Dan moet je hem wel als metafoor kunnen zien natuurlijk. En het complexe met metaforen is dat ze hun werking bewijzen in dat spanningsveld tussen wat letterlijk en figuurlijk voor waar kan worden aangenomen.

In de nepdocumentaire Ruta del jaca van fotograaf Kris Kristinsson ligt dat nog ingewikkelder. In die film wordt de (fictieve) reis gereconstrueerd die een Amerikaans echtpaar in de jaren tachtig op het hoogtepunt van de gruwelen maakte op zoek naar een sjamaan die de vrouw van kanker kon genezen. In de film ontrafelt hun zoon Matt de vele mythes die er rondom hun mysterieuze verdwijning ontstonden: verongelukt, gekidnapt door Lichtend Pad of zelf fellow travellers van de terroristische beweging?
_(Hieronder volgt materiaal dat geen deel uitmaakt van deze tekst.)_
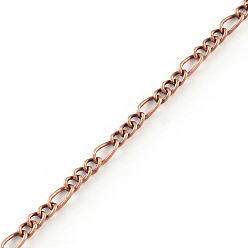 Red Copper Iron Figaro Chains, with Spool, Soldered, Red Copper, 5.3x2.6x0.6mm, about 328.08 Feet(100m)/roll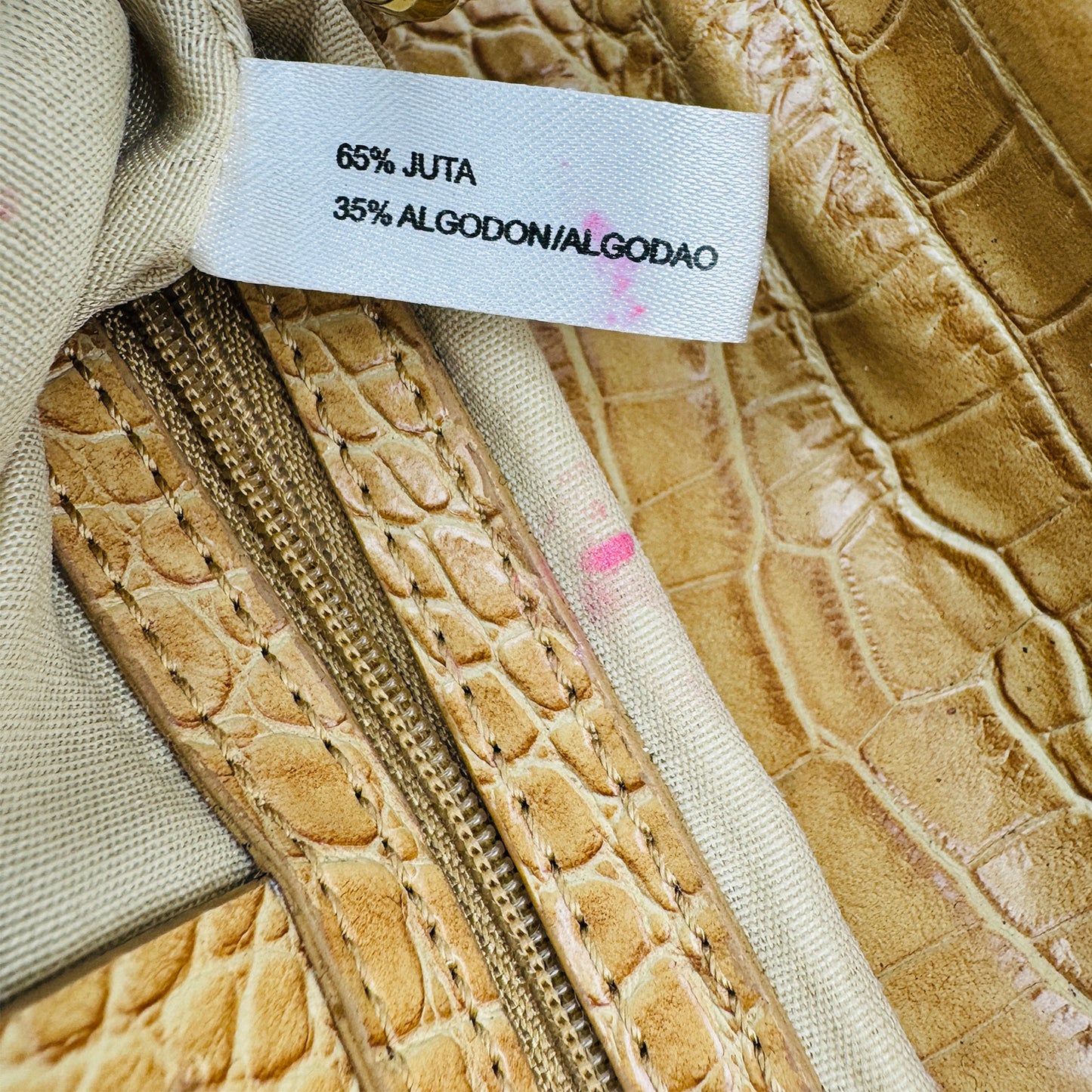 Valentino Garavani Croc-Embossed Tan Hand Bag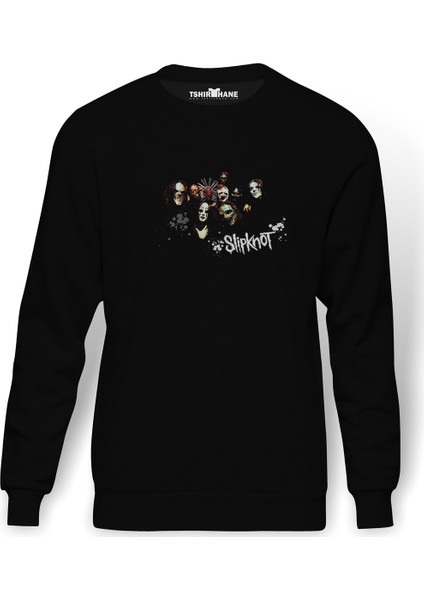 Slipknot Mıck Thomson Baskılı Siyah Erkek Örme Sweatshirt Uzun Kol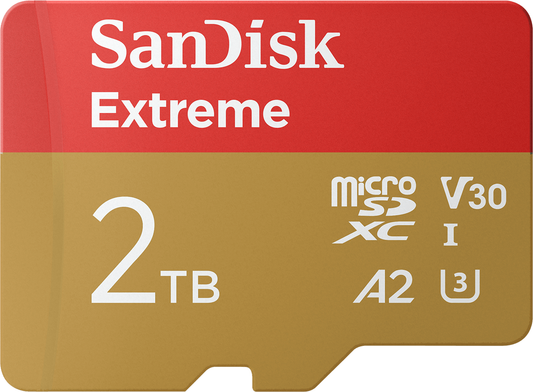 SanDisk Extreme microSDXC hukommelseskort, 2TB, Klasse 10 / UHS-1 U3 SDSQXAV-2T00-GN6MN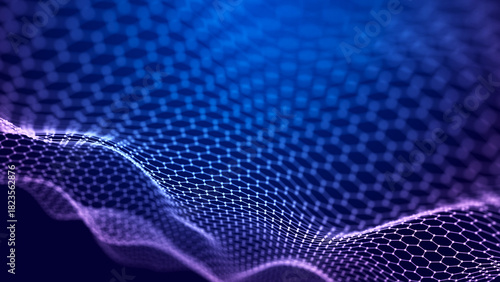 Blue and pink futuristic data wave. Cyber-motion of light particles. 3D rendering.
De film scoort hoog op het gebied van de etnografische rariteiten (wonderbaarlijke genezingen met hamsters!) maar die hebben zo’n hoog kermisgehalte (vooral als de hoofdpersoon zich er in het kader van de participerende journalistiek ook maar aan waagt), dat enige andere motivatie van de film erdoor verloren gaat.

Folklore
De mix die Claudia Llosa maakt van werkelijk realistisch-minimalisme en fictief magisch-realisme, maakt haar film lastiger te decoderen. Het maakt haar ook de betere filmmaker, omdat ze de werkelijkheid probeert te benaderen vanuit dat wat vreemd is in het normale en normaal in het vreemde. Die kleine perspectief-verschuiving verheldert uiteindelijk veel over de menselijke natuur, over wreedheid, en over hoe mensen dat kunnen laten voortduren: namelijk omdat ‘we’ ‘het’ zo normaal zijn gaan vinden.
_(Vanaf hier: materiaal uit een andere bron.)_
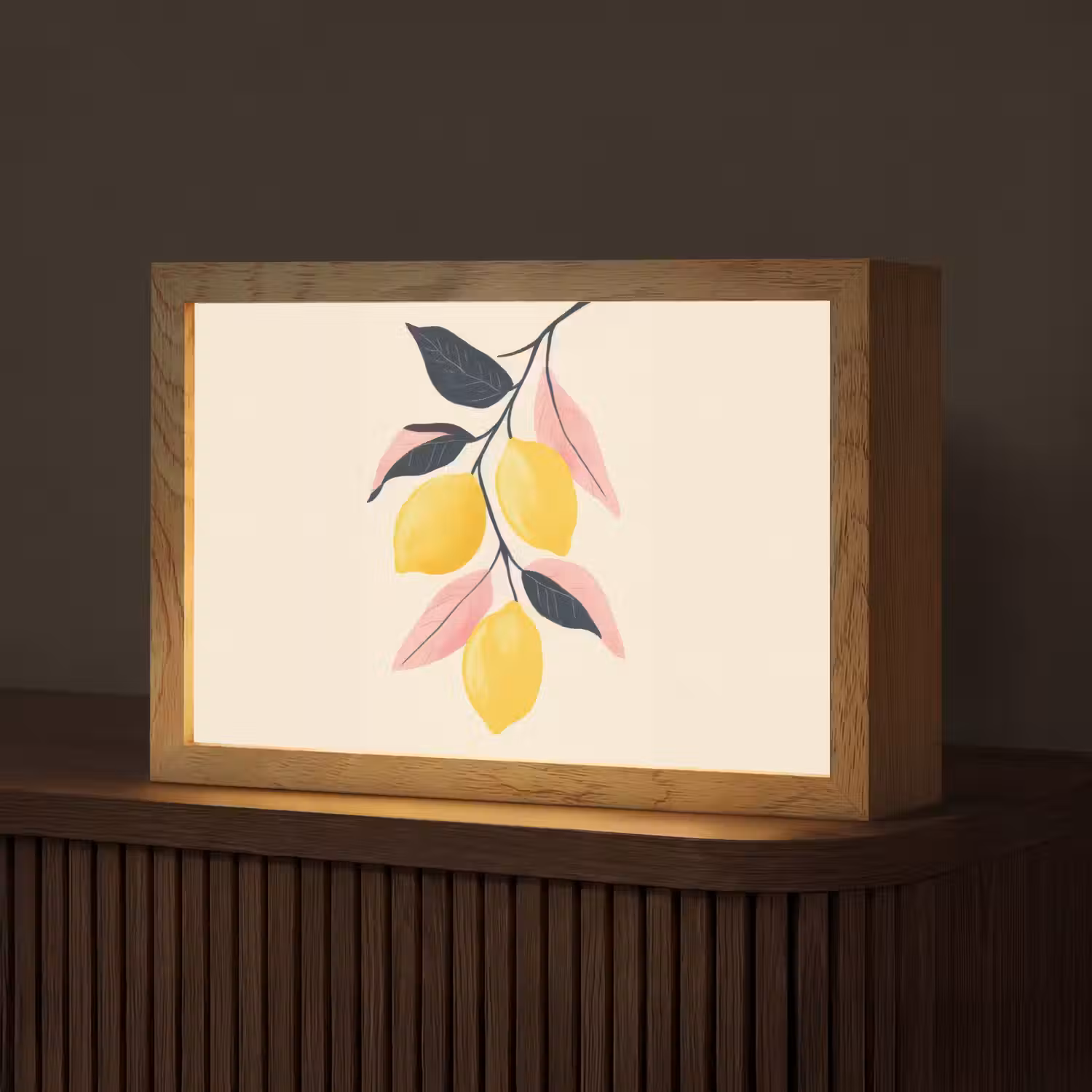 Citroenen - Felgeel - Tak - Bladeren Light Box met kabel (Tafellamp) klein -z3d_website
De fictieve folkore die Llosa voor haar films ontwikkelt, klinkt ook door in de liederen die moeder en dochter voor elkaar zingen. Luister maar naar de teksten, en je weet dat dit nooit echte volksliedjes kunnen zijn. Maar ze moet wel erg dol zijn geweest op die vondst, want het zingen gaat maar door. De liedjes groeien en woekeren, net als de aardappel in Fausta’s vagina. Het is bizar en nachtmerrie-achtig, maar ook simpelweg teveel van het goeie.